■ Task statement
Go through the data below and transcribe it exactly. Omit the images.

■ Stored data
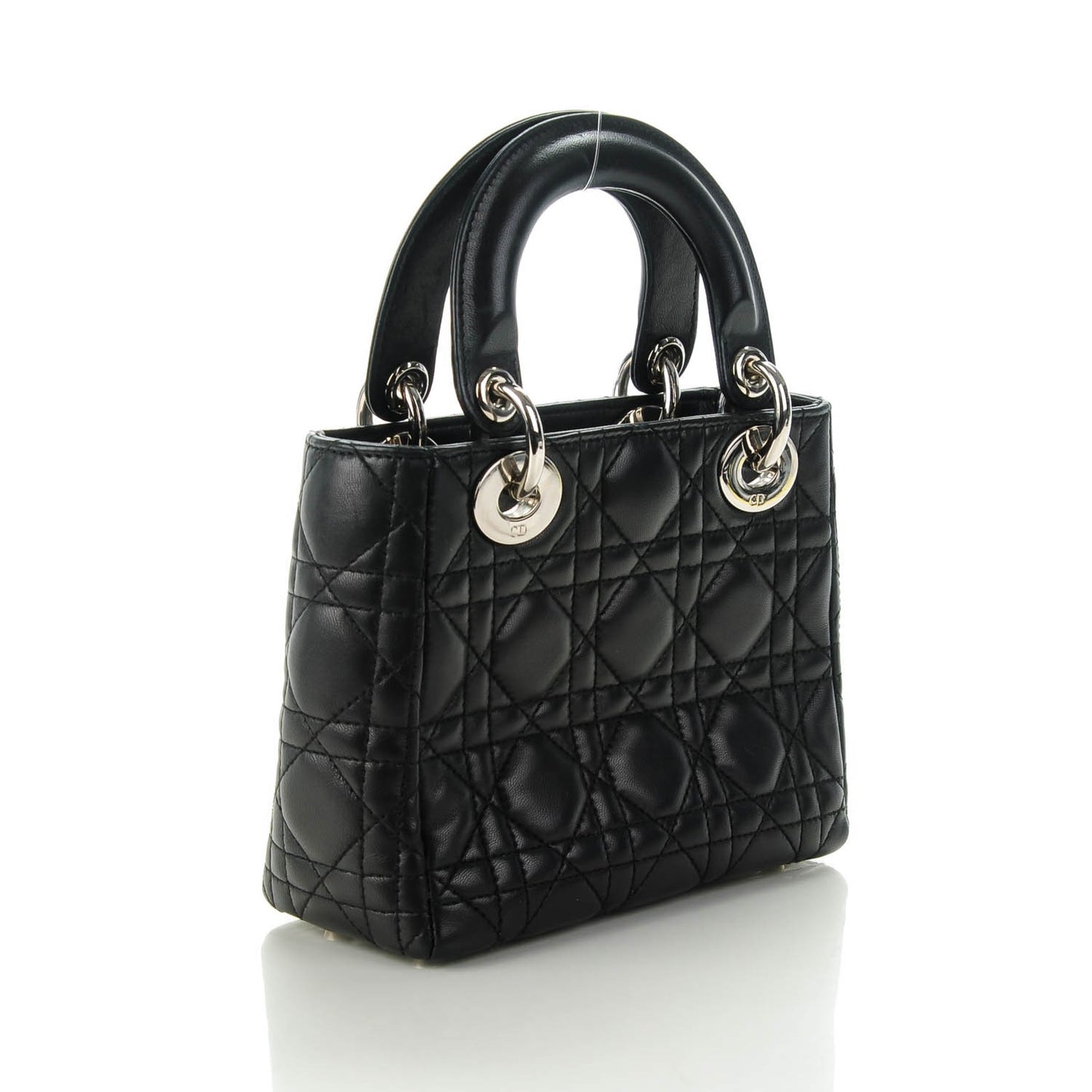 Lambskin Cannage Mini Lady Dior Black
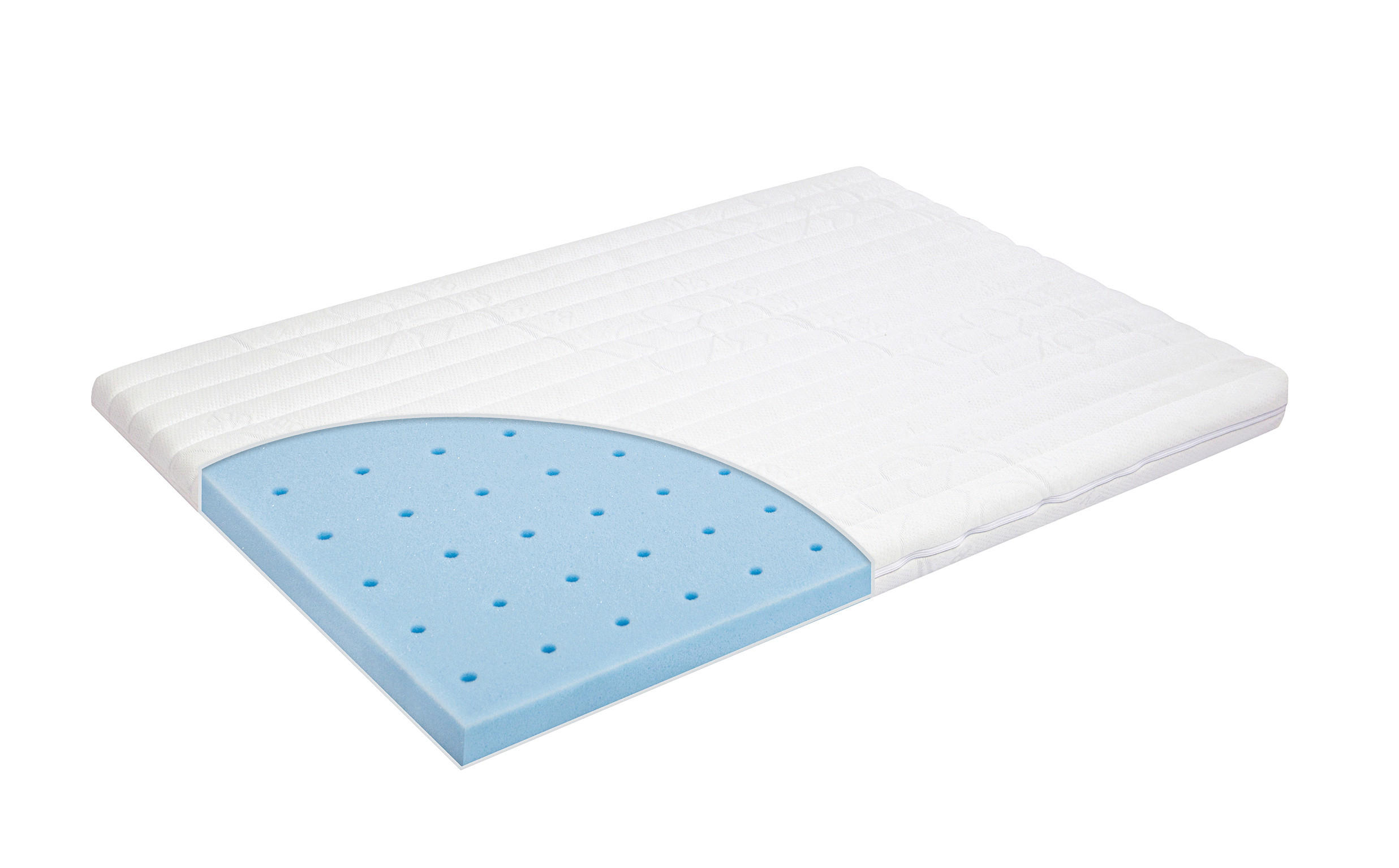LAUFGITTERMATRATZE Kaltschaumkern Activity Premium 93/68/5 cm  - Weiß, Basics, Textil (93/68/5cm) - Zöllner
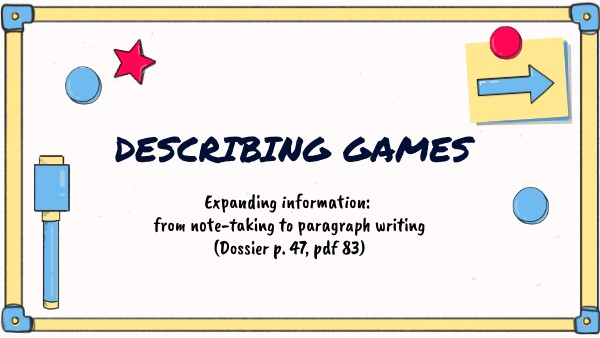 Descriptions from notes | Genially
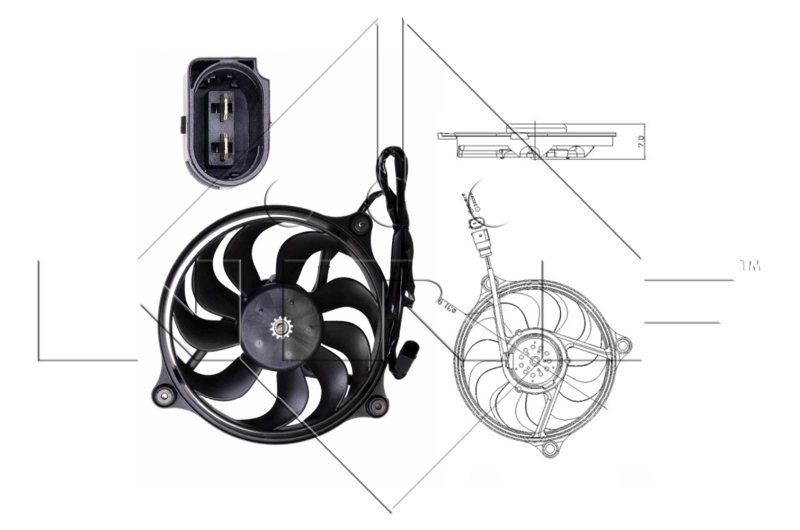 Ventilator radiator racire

■ Solution
 Lambskin Cannage Mini Lady Dior Black
LAUFGITTERMATRATZE Kaltschaumkern Activity Premium 93/68/5 cm  - Weiß, Basics, Textil (93/68/5cm) - Zöllner
 Descriptions from notes | Genially
 Ventilator radiator racire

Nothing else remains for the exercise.